Task to complete:
In the data below, find every line with the word "background" and copy it out.

***

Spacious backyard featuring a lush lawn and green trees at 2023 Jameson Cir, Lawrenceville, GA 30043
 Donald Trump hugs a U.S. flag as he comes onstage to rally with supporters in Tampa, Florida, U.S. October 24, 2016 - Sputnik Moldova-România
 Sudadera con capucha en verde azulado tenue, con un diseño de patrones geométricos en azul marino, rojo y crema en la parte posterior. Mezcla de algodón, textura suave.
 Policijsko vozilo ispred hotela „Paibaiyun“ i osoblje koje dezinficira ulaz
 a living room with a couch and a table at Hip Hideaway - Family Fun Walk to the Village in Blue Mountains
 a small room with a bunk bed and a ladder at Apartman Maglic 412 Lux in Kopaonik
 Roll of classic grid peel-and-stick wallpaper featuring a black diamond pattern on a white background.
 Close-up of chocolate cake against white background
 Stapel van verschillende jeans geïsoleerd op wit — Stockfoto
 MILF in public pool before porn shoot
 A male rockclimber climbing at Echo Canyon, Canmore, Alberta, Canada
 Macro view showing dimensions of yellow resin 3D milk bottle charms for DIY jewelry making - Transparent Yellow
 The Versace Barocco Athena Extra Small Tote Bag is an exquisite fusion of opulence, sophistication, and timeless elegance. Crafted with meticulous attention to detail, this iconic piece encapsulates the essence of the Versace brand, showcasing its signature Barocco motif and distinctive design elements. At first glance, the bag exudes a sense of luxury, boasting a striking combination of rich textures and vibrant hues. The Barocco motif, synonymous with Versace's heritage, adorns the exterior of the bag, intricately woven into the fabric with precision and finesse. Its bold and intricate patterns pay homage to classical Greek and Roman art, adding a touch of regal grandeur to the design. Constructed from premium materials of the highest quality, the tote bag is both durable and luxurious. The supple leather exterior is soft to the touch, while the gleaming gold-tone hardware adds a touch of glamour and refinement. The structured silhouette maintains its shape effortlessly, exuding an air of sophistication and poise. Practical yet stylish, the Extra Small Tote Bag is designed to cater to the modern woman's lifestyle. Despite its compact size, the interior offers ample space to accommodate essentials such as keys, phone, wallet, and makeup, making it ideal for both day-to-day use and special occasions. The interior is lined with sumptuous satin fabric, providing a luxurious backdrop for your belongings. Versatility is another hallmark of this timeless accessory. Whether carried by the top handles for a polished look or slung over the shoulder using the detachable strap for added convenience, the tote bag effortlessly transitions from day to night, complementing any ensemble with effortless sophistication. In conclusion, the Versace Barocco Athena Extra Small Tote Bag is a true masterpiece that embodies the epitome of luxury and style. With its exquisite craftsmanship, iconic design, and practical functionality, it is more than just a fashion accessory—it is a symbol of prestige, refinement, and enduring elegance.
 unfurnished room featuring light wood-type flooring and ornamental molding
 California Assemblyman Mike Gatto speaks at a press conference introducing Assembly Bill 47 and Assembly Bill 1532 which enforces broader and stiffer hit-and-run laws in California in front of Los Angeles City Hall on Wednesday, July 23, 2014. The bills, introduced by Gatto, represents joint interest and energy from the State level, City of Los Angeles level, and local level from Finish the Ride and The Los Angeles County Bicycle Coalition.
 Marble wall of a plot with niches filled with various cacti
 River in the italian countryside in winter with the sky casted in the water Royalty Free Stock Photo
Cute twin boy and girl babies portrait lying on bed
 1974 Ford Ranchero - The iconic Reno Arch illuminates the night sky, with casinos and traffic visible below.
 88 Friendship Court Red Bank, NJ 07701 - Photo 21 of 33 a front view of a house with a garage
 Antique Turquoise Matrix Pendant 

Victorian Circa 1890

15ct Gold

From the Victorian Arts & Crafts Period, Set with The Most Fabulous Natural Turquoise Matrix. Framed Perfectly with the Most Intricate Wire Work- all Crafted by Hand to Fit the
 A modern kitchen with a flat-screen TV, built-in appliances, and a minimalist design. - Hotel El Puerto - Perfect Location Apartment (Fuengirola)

***

Answer area:
 Roll of classic grid peel-and-stick wallpaper featuring a black diamond pattern on a white background.
 Close-up of chocolate cake against white background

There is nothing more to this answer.